Today I asked DD1 to put her swimming stuff in the washing machine - cue 45 minute tantrum and refusal.
There are constant demands to watch TV, "I don't know what to PLAAAY" if I say no (we have a big garden with trampoline, slide, climbing frame and swing). DD1 inparticular very rarely is able to occupy herself or play independently.
Unless friends are over to play (or they are watching TV they do not leave me alone for a minute.
The neighbours kids came round today which gave some relief but while I read stories to DD" because they wouldnt let her join in they trashed EVERY room in the house, unmade all the beds inlcuding my room and spare room, toys out of every cupboard in every room, by bedtime the place looked like it had been burgled.

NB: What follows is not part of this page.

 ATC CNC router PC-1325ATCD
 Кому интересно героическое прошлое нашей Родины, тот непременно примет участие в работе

They constantly compete for my attention often both simultaneously shouting at me and pulling at me. DD1 asks endless questions without really ever listening to the answer - just planning the next question that will keep my attention.
If I say no to something they nag and nag - no is never an answer - even though i think I am pretty good at not giving in.

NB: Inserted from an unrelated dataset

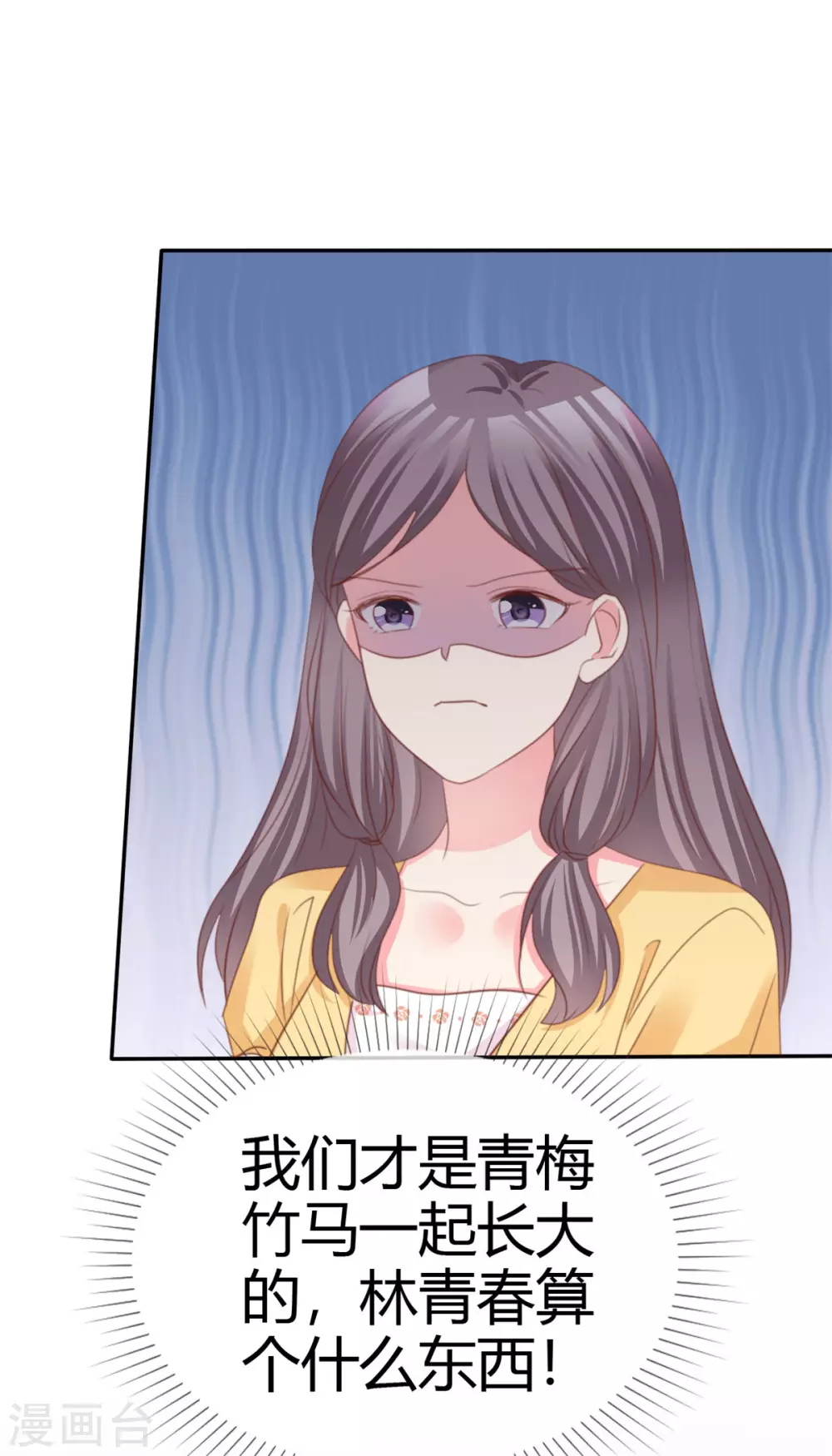 第76话 不肯靠近一步-第77话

DD2 routinely refuses whatever I make for supper and then is hungry and demanding snacks for the rest of the evening. Getting grumpier and grumpier.
As bathtime approaches DD1 in particular gets more excited and "silly", argues with every request from turning TV off to getting into the bath. DD2 gets more and more whiny.
I try to do their stories together but DD1 interrupts and askes questions constantly (and I mean constantly) in order to prolong the story so DD2 loses interest and starts playing up.
The only saving grace is that they are usually not too bad once in bed - though some nights I am up and down 2 flights to DD2 5-6 times for hugs, water, trips to the loo etc.
I don't think I can do this any more and think I am just screwing them up. They are nice children - intelligent, not aggressive, usually gentle with each other, sensitive to others - it's just their interaction with me that is so horrible. Going back to work is suddenly a very tempting option - just to get away from them and let someone else who is better than me look after them.
The worst is I know it must be mostly my fault and I feel so guilty and sad for wishing their childhoods away.